For eight years, jewellery designer Hayley Kruger has used her expertise and experience to inspire, motivate and encourage our participants to explore their creativity through jewellery design.
She has shared her knowledge with a diverse range of children and adults during this time including young and adult carers, vulnerable women and frail older people. Hayley has been working with a group of adult carers in Newham, as part of Create’s multi-artform project creative:release (this article is from 2015).
The carers, who all provide support for family members with long-term illnesses or disabilities, went with Hayley to visit the Victoria & Albert Museum’s “What is Luxury” exhibition, where they drew inspiration for their own jewellery designs. We recently sat down with Hayley, whose work has been exhibited at the V&A and featured in fashion magazines Vogue and Tatler, and asked her about her creative process, how she gets the most out of our participants, and the role the arts can play in society.

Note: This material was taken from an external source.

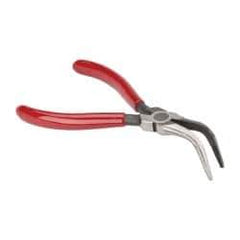 Proto - 6-5/16" OAL, 1-5/8" Jaw Length x 3/4" Jaw Width, Long Nose Bent Nose Pliers - Serrated Jaw, Chain Nose Head, Plastisol Handles - Exact Industrial Supply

How old were you when you first started making jewellery? Could you talk a bit about your relationship to jewellery making when you were growing up and how it made you feel?
I have always been creative, from making clothes for my dolls to making clay beads from the soil that our house was built on, so I can’t remember the exact age, but I can remember doing this from about 10 years old. I was fortunate to have grown up in Southern Africa, so my influences in jewellery making come from the rich cultural jewellery that was worn and sold in the craft markets and on the beach front. I used to love these outings and still collect pieces made mostly by local women, which include woven grass bangles, vibrant seed beads collars and pendants, and brightly coloured wires being woven into rings, bowls and clothing panels.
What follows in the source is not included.